Le gouvernement congolais intensifie ses efforts pour rendre plus lisible la gestion de ses ressources naturelles. Lors de la 133ᵉ réunion du comité exécutif de l’Initiative pour la Transparence dans les Industries Extractives (ITIE), tenue le 29 mai à Kinshasa, plusieurs décisions structurantes ont été adoptées, en présence du ministre des Mines, Kizito Pakabomba, et sous la présidence de Guylain Nyembo, Vice-Premier ministre chargé du Plan.
Le volet le plus stratégique abordé lors de cette session : la création d’une task-force dédiée au pilier Forêt du programme CAFI (Central African Forest Initiative), pour la période 2021-2031. L’objectif est clair : encadrer la gestion forestière à travers un suivi rigoureux des engagements pris avec les bailleurs internationaux. Cette cellule, placée sous la gouvernance de l’ITIE, devra veiller à la traçabilité des flux financiers, à la réduction de la déforestation, et à la lutte contre la mauvaise répartition des revenus issus du secteur forestier.
En 2023, la RDC a reçu plus de 25 millions de dollars de financement dans le cadre du partenariat CAFI, selon les données publiées par le secrétariat de l’initiative. Mais l’impact réel sur les communautés reste difficile à mesurer. La mise en place de cette task-force vise à combler cette opacité, tout en renforçant la gouvernance du secteur forestier, souvent miné par les coupes illégales et les concessions opaques.

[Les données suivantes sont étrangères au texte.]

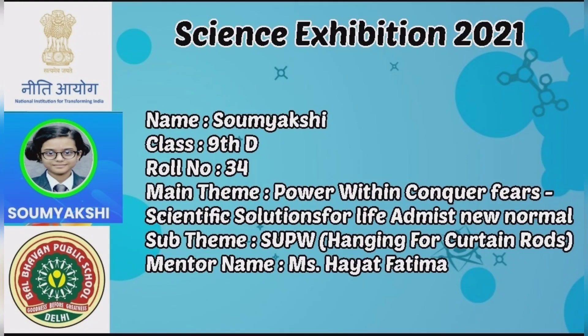Greetings to one and all present here today. I, Swamyakshi of class 9, D-Roll No. 34, am going to present my science exhibition project to all of you.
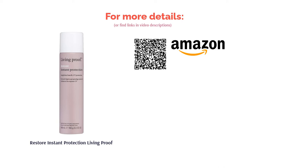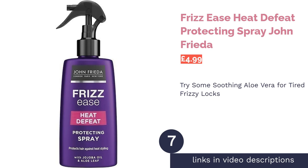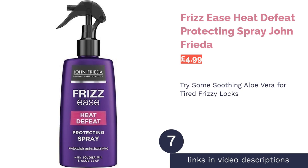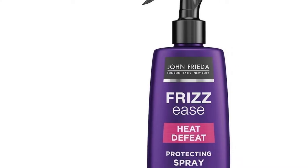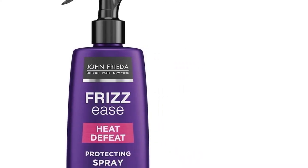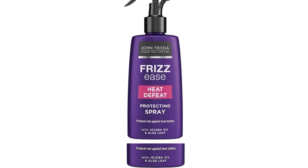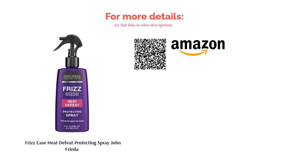The next product on our list is the John Frieda Frizz Ease Heat Defeat Protecting Spray. Say goodbye to frizz with this combating formula designed to suit intensely curly hair and afro-textured hair. The soothing aloe vera deeply cleanses and repairs broken strands with the help of vitamins A, C, and E. If you have curly hair and like to switch things up with colors, this is a great dye-friendly option available on Amazon for just under five pounds — containing frizz and maintaining a healthy color all from one bottle.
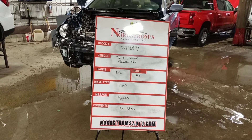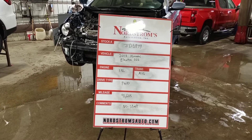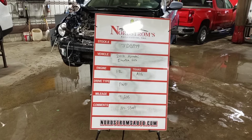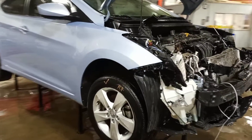Stock number JD8949: 2013 Hyundai Elantra GLS, 1.8 liter automatic six-speed, front-wheel drive with 91,605 miles. This one does not start. Front-end hit, blue in color. We'll verify the drivetrain is okay and proceed with teardown.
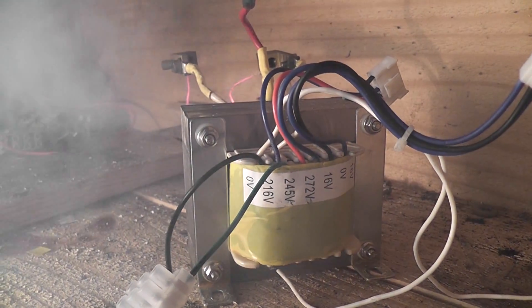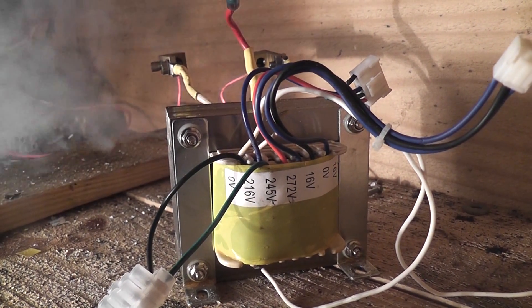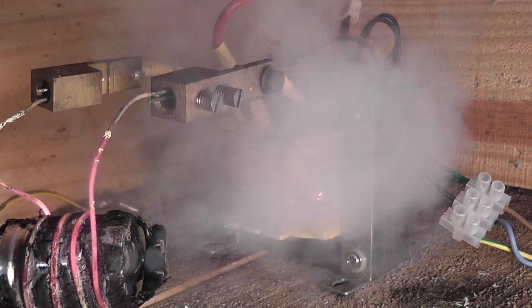One of these multi-tap transformers: zero, two sixteen, two forty five, two seventy two. Sixteen, zero, and sixteen volts. Eight, zero, eight.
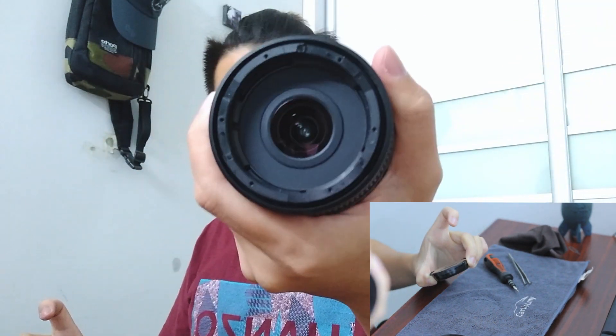This part is the one that I would usually clean because there's usually a lot of dust in this area, and there isn't much dust on this one.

Sur le plan institutionnel, la situation financière de l’ITIE-RDC s’améliore, d’après les documents soumis au comité. Les arriérés de fonctionnement ont été réduits de près de 60 % en deux ans, passant de 1,3 million de dollars à 520 000 dollars selon le dernier audit interne. Cette embellie est attribuée à une meilleure allocation budgétaire et au soutien de partenaires comme la Banque mondiale.
Toutefois, tout n’est pas aligné. Un incident récent impliquant l’exclusion d’un représentant de la société civile lors d’une session antérieure a jeté une ombre sur l’inclusivité du processus. Ce manquement au protocole de participation a été abordé frontalement par certains membres du comité, rappelant l’exigence d’un cadre équitable pour toutes les parties prenantes, y compris les ONG et les communautés locales.
La RDC se trouve à un carrefour sensible. Les flux issus des industries extractives représentent plus de 98 % des recettes d’exportation et environ 35 % du budget national, selon les chiffres de la Banque Centrale du Congo. Dans un tel contexte, la transparence ne peut rester une simple formalité. La volonté de bâtir une gouvernance responsable autour du secteur extractif et forestier se heurte encore à des résistances, mais des signaux d’ouverture se manifestent.
« Ce que nous construisons aujourd’hui, ce sont les bases d’un partenariat crédible entre l’État, les entreprises et les communautés », a déclaré un haut responsable du ministère du Plan, présent à huis clos. La prochaine phase du processus de validation ITIE prévue pour fin 2025 devra confirmer cette ambition.
En structurant une task-force dédiée à la gouvernance forestière, en renforçant le suivi budgétaire de l’ITIE et en s’ouvrant davantage au débat public, la RDC tente de sortir d’un modèle centré sur les rapports formels pour entrer dans une logique de redevabilité réelle. Le chemin reste long, mais les mécanismes se précisent.